▶ Task: Copy the records below exactly. Include all of them.

═══ Source data ═══

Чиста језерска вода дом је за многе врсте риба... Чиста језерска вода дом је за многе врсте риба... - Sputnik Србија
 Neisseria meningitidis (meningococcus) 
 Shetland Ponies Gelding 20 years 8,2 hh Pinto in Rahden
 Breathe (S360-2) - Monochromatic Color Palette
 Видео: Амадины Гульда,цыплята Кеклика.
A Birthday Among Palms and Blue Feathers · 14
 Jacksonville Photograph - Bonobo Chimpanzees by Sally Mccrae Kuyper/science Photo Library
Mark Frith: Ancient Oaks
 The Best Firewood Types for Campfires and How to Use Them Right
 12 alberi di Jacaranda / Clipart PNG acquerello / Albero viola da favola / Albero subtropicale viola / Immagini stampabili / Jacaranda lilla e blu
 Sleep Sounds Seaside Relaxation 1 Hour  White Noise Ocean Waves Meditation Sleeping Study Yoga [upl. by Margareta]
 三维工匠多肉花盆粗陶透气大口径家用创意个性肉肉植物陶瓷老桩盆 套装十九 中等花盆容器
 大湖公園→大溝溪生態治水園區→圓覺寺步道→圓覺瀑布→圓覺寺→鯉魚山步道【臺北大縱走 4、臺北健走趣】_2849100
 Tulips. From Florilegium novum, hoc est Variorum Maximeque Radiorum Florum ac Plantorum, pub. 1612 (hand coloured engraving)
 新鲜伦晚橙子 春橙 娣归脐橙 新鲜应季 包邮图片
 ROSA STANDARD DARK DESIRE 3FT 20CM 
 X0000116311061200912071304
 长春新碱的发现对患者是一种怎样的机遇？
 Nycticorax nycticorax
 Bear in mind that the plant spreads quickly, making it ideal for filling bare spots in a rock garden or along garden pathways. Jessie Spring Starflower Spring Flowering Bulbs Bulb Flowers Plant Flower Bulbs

═══

▶ Answer space:
Чиста језерска вода дом је за многе врсте риба... Чиста језерска вода дом је за многе врсте риба... - Sputnik Србија
 Neisseria meningitidis (meningococcus) 
 Shetland Ponies Gelding 20 years 8,2 hh Pinto in Rahden
 Breathe (S360-2) - Monochromatic Color Palette
 Видео: Амадины Гульда,цыплята Кеклика.
A Birthday Among Palms and Blue Feathers · 14
 Jacksonville Photograph - Bonobo Chimpanzees by Sally Mccrae Kuyper/science Photo Library
Mark Frith: Ancient Oaks
 The Best Firewood Types for Campfires and How to Use Them Right
 12 alberi di Jacaranda / Clipart PNG acquerello / Albero viola da favola / Albero subtropicale viola / Immagini stampabili / Jacaranda lilla e blu
 Sleep Sounds Seaside Relaxation 1 Hour  White Noise Ocean Waves Meditation Sleeping Study Yoga [upl. by Margareta]
 三维工匠多肉花盆粗陶透气大口径家用创意个性肉肉植物陶瓷老桩盆 套装十九 中等花盆容器
 大湖公園→大溝溪生態治水園區→圓覺寺步道→圓覺瀑布→圓覺寺→鯉魚山步道【臺北大縱走 4、臺北健走趣】_2849100
 Tulips. From Florilegium novum, hoc est Variorum Maximeque Radiorum Florum ac Plantorum, pub. 1612 (hand coloured engraving)
 新鲜伦晚橙子 春橙 娣归脐橙 新鲜应季 包邮图片
 ROSA STANDARD DARK DESIRE 3FT 20CM 
 X0000116311061200912071304
 长春新碱的发现对患者是一种怎样的机遇？
 Nycticorax nycticorax
 Bear in mind that the plant spreads quickly, making it ideal for filling bare spots in a rock garden or along garden pathways. Jessie Spring Starflower Spring Flowering Bulbs Bulb Flowers Plant Flower Bulbs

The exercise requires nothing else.